Problem description = Please set down only the lines from the one containing "Minimalistisches Armband mit verziertem Herz" through the end of the entries below, exactly, minus any pictures.

START Data for processing

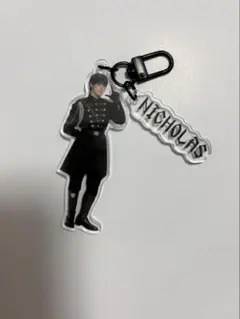 &TEAM NICHOLAS アクリルチャーム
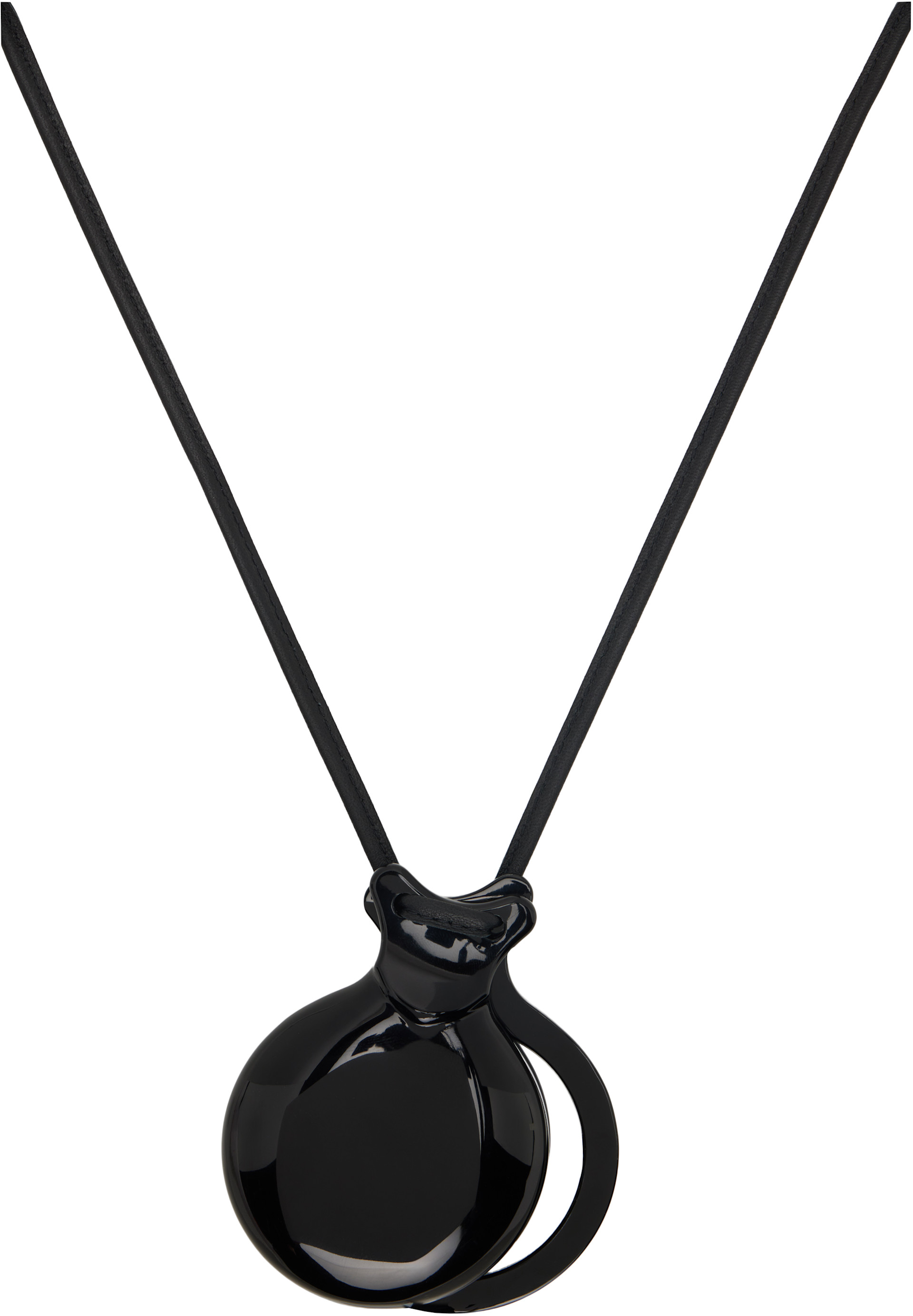 LEMAIRE - Castanet Mirror Necklace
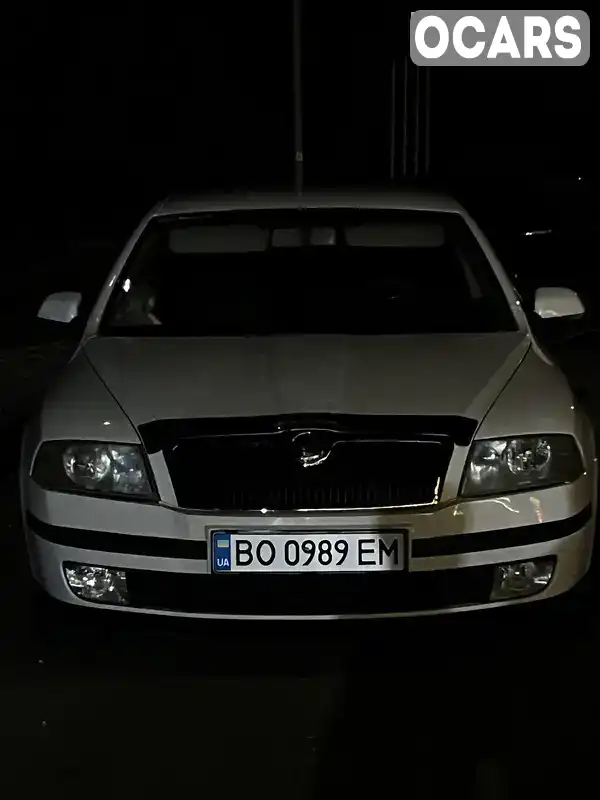 Ліфтбек Skoda Octavia 2004 1.9 л. Ручна / Механіка обл. Тернопільська, Чортків - Фото 1/8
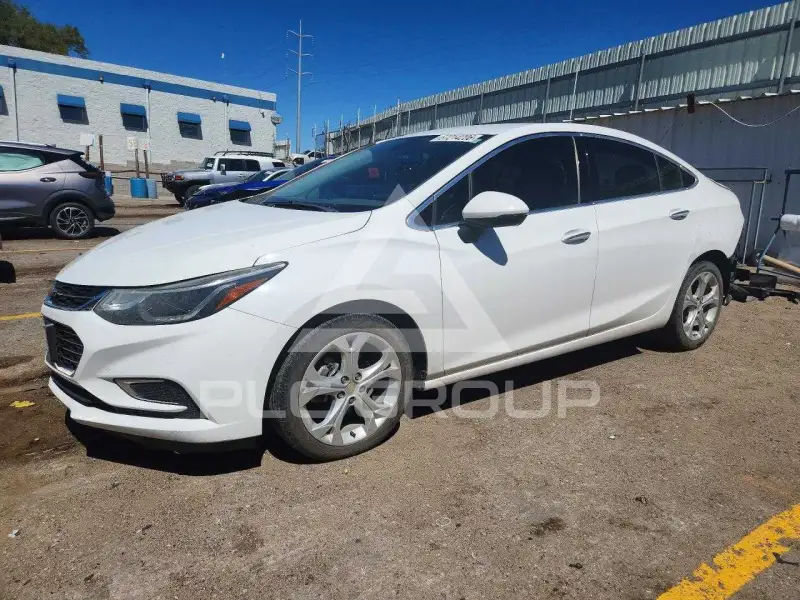 2017 Chevrolet Cruze фото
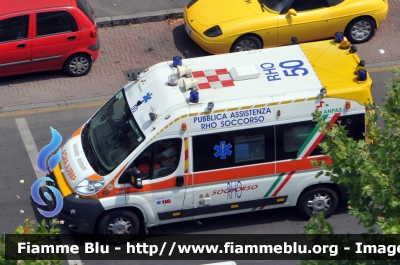 Fiat Ducato X250
Pubblica Assistenza Rho Soccorso MI
M 50
Parole chiave: Lombardia (MI) Ambulanza Fiat ducato_X250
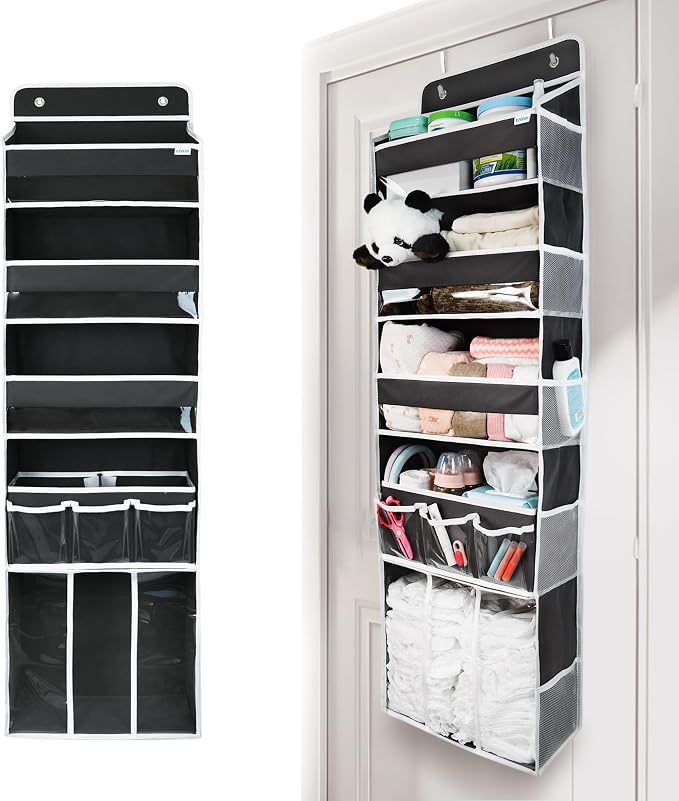 Door Hanging Storage Organizer, - Image 3
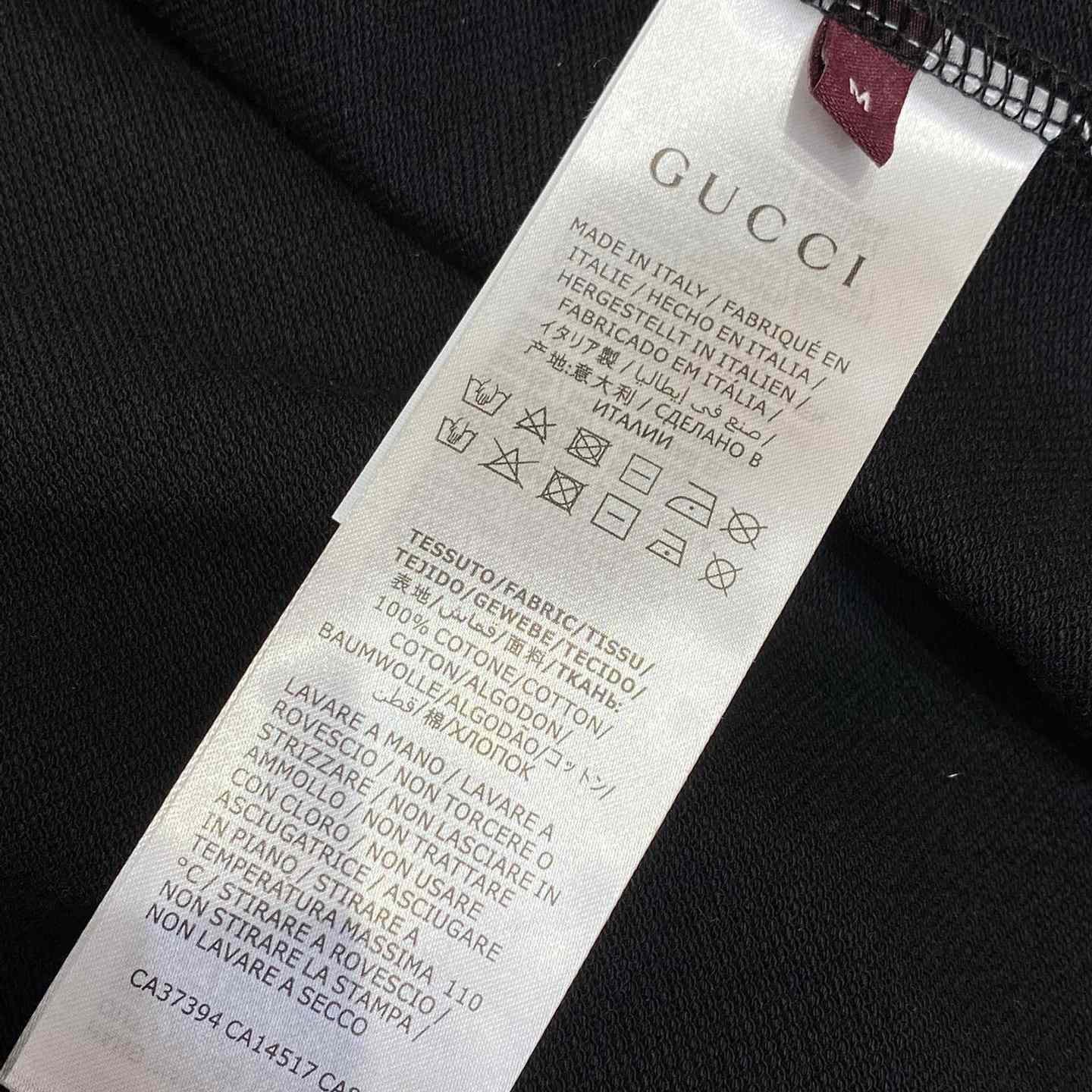 Gucci Cotton Piquet Polo Shirt  - DopestKickz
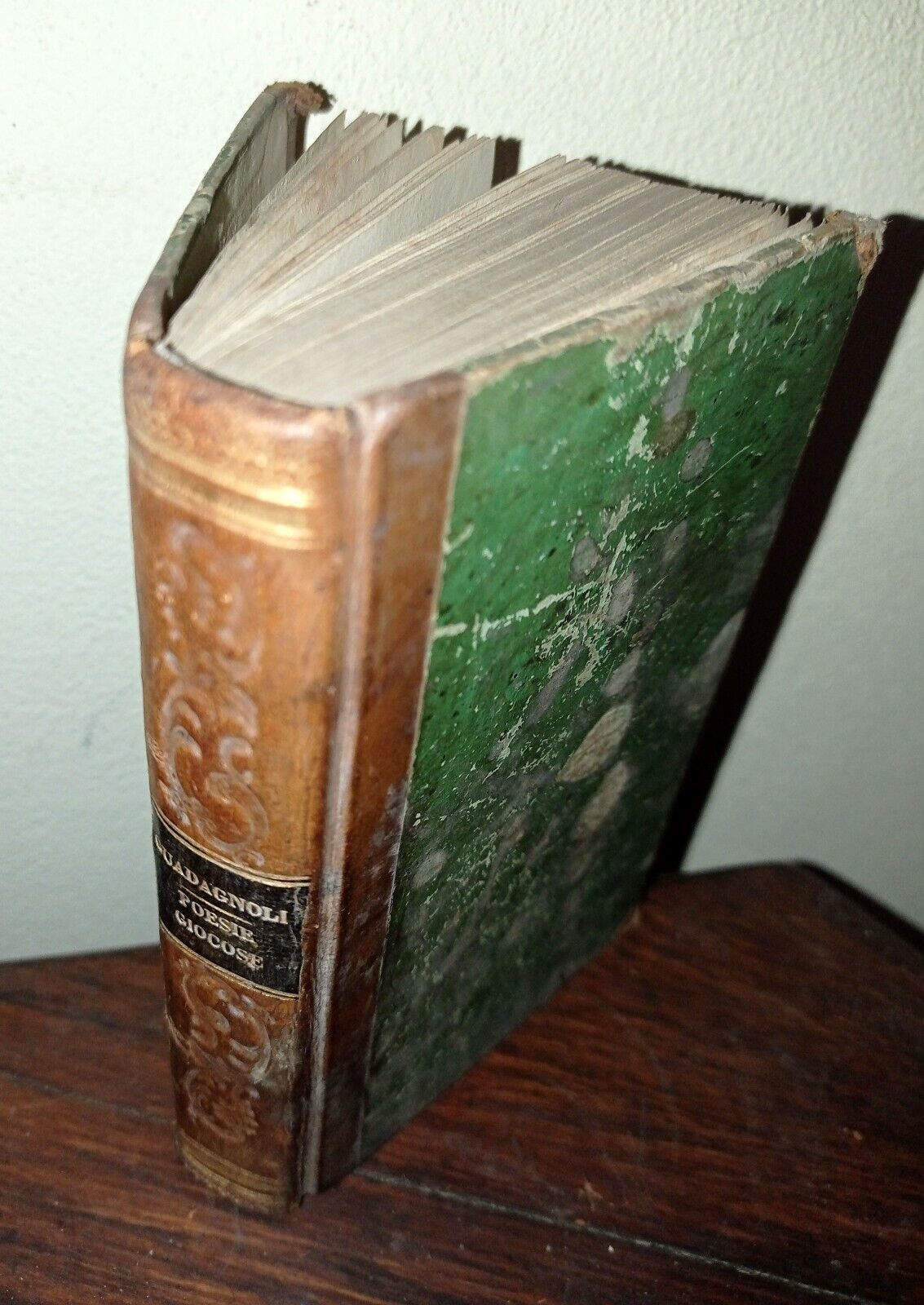 ANTONIO GUADAGNOLI,RACCOLTA COMPLETA DELLE POESIE GIOCOSE,1842 Fraticelli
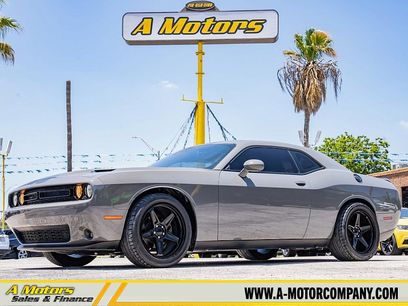 Used 2019 Dodge Challenger SXT w/ Blacktop Package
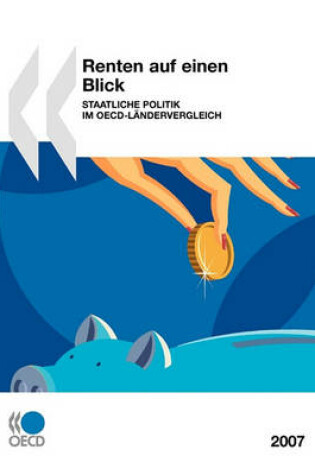 Cover of Renten auf einen Blick 2007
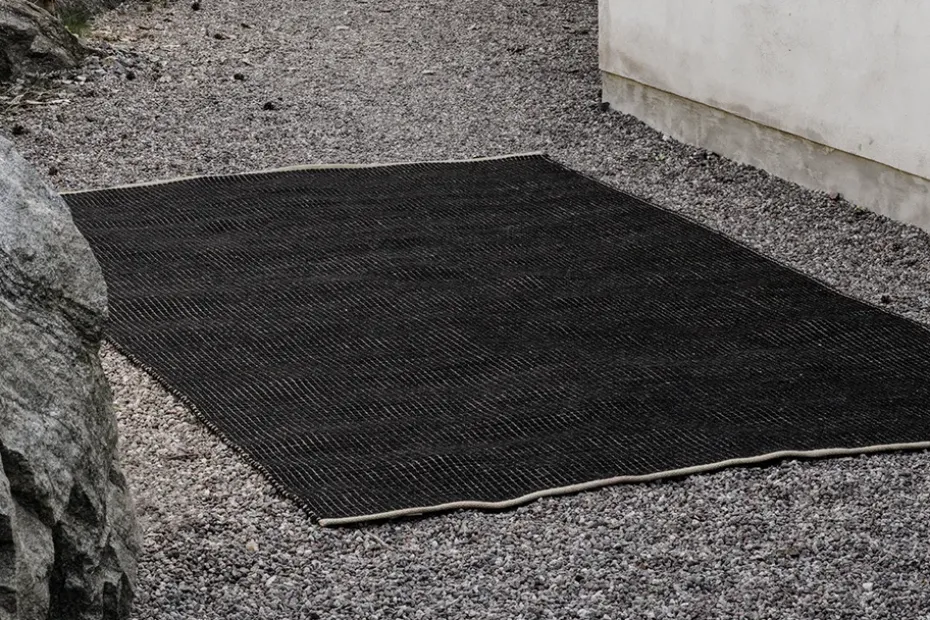 Alfombra Bengal, Black, 170x240 cm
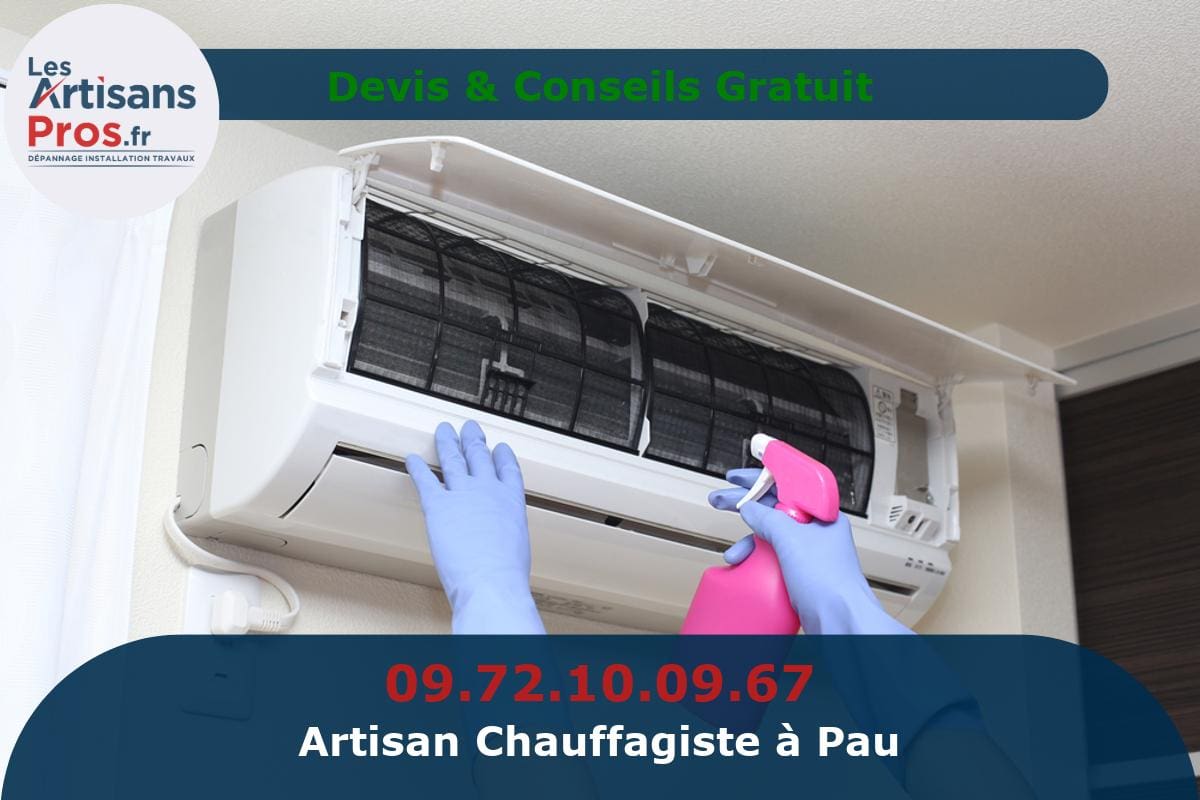 Chauffagiste à Pau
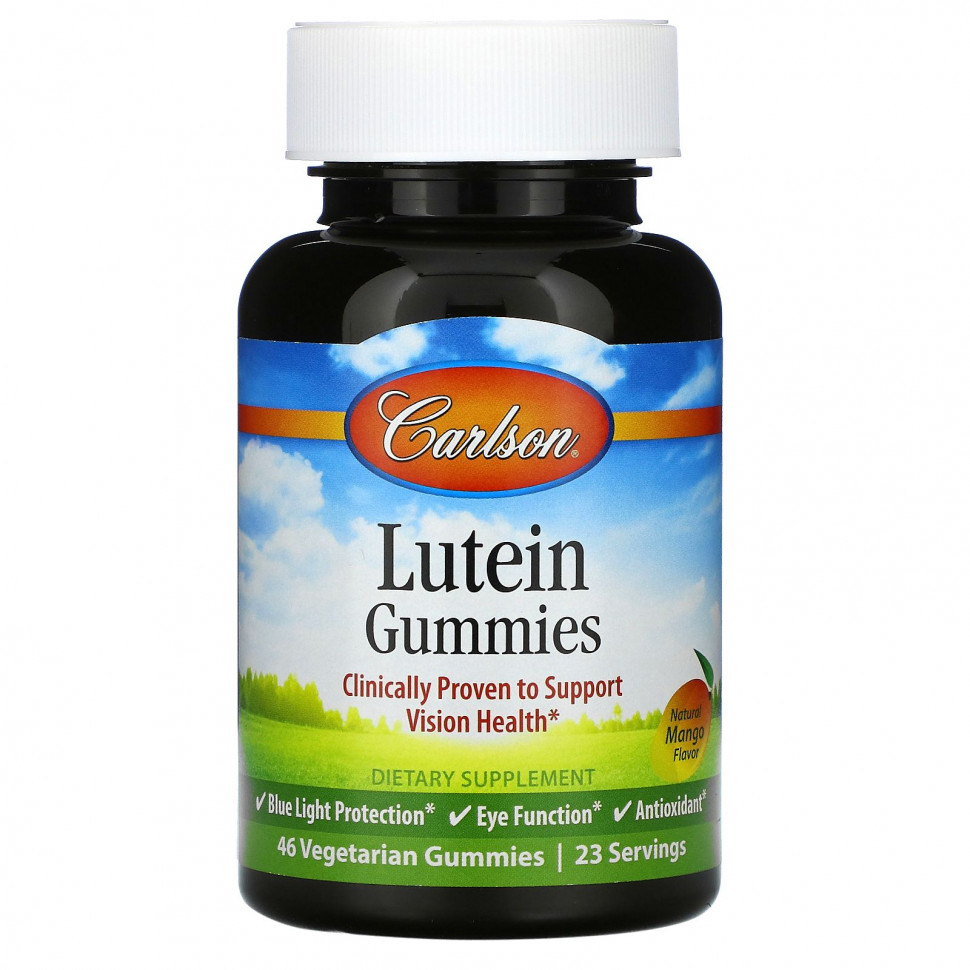 Carlson Labs, Lutein Gummies,  , 46     3320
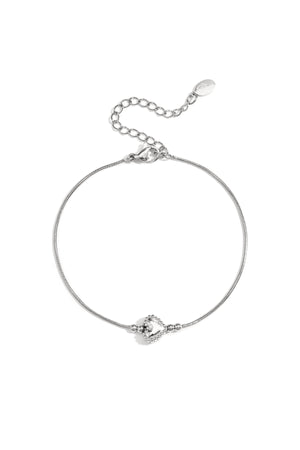 Minimalistisches Armband mit verziertem Herz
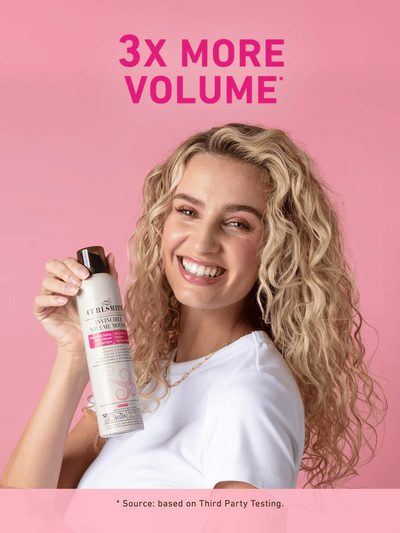 Curlsmith Invincible Volume Hair Mousse - photo 5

END Data for processing

Solution to the problem =
 Minimalistisches Armband mit verziertem Herz
 Curlsmith Invincible Volume Hair Mousse - photo 5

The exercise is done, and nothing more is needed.